Endless Fields
As a lifelong Harford county resident...

A few years ago, I was riding down Perryman Road, to work on some new homes at the "Gablers Shore" development. I always get nostalgic when I come to this jobsite.

As a kid, our family spent a lot of time visiting in the Perryman area. My dad's family grew up here and two of his brothers stayed there for their entire life. On the way up Perryman Road, as we passed by the canning house, I would focus on where the road used to cross over the train tracks leading to the southern portion of the farm that sat between the tracks and the Aberdeen Proving Ground. All I could now physically see was huge bright white commercial warehouses. In my memories, I could still make out the grade crossing and the plain two story white house and yard just beyond to the right. I was told once that this is where my grandparents lived in the early years.

Beyond the grade crossing, on the left was a dirt go-cart track where we spent many Saturdays in the dust and roar. They had made a large square in the corner of one of the vast corn fields, sometimes I would wipe out on the back turn and come to rest about ten feet into the tall corn with tassels flying.

I don't remember what the name of that road was, but it kinda bent to the right and continued toward the bay, fields on both sides as far as I could see. You would come to a giant barn on the left and across on the right was a brown wood-shake sided house where Clark and Minerva Thompson lived. They both worked on the farm and were good friends of my parents. I remember one year there was a field of peanuts growing behind their house. Mostly it was corn everywhere you looked. If you didn't cross the tracks by the canning house, but went the opposite direction up a dirt lane on the right side of Perryman rd, you would see a small group of houses with one large rather ornate (but a little tired) farm house with a wrap-around porch and stylish dormers protruding from the high steep slate covered roof. In my childhood, this is where my uncle Wade Cline lived with his wife Margret. Wade was the oldest living of the ten Cline children and Margret took on the mother role for the younger kids after my grandmother passed away. Uncle Wade was the farm manager in those days, I assume the large house was once the home of the Mitchell family. Later, in the 80's, it was finally torn down.

My memories are from the late 50's to early 60's, but the stories I heard from my dad and his brothers and sisters go back to the late 20's. Like when my dad fell down an abandoned well in a freak accident when he was six years old. And how my grandfather brought the family up from Virginia on the train to begin a new life here in Maryland.
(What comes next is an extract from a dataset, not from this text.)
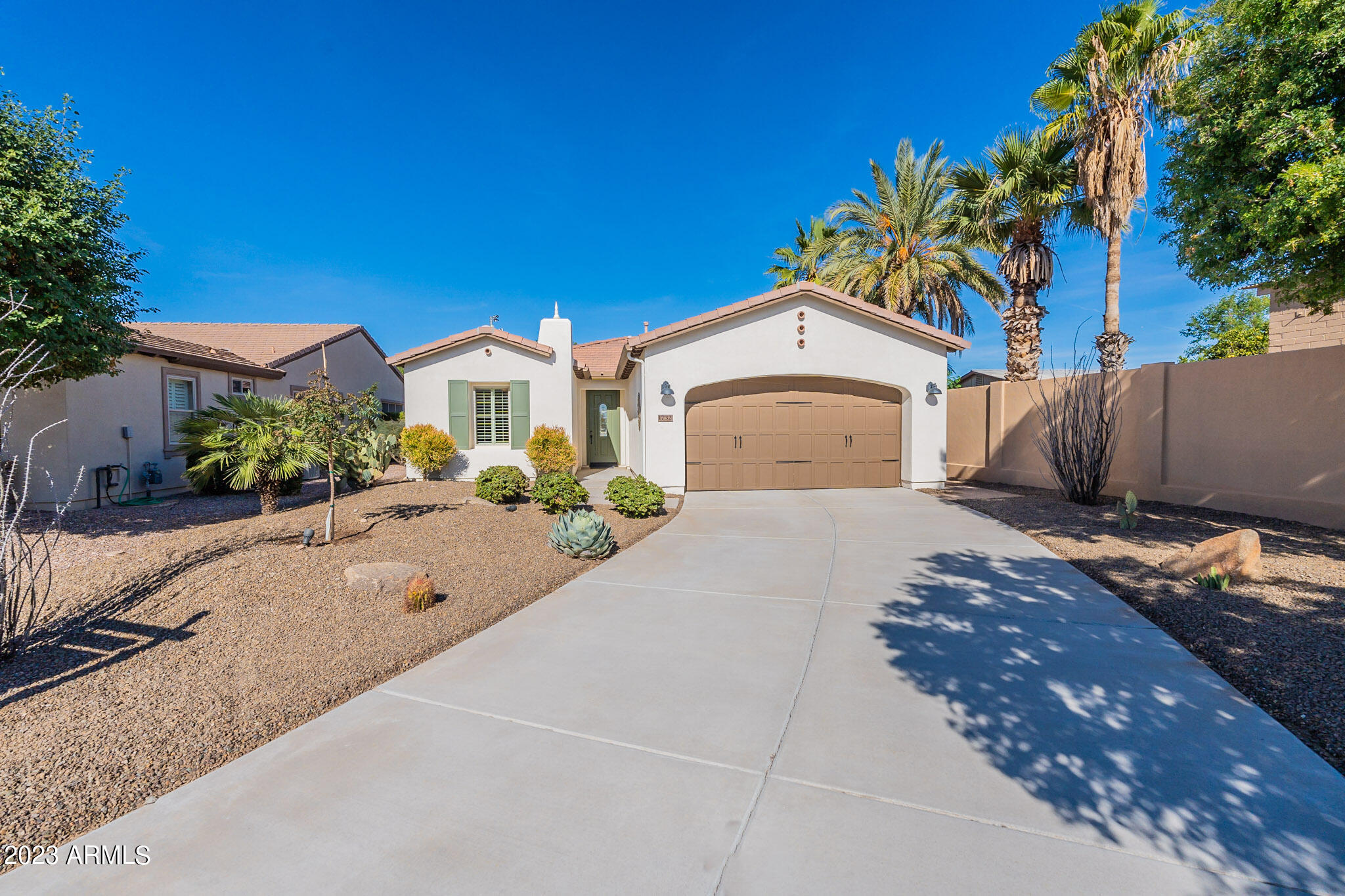 1732 E VESPER Trail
It was that story that prompted me to begin writing "Endless Fields" three years ago. Just thinking about what a big move that would have been and such an impact it would make on so many over the years to come amazed me. I never met my grandfather Cline, but I tried to step into his shoes for just a little while to put these thoughts down. The verses tell his story. and the chorus is all the family, past present and future, encouraging him along the way.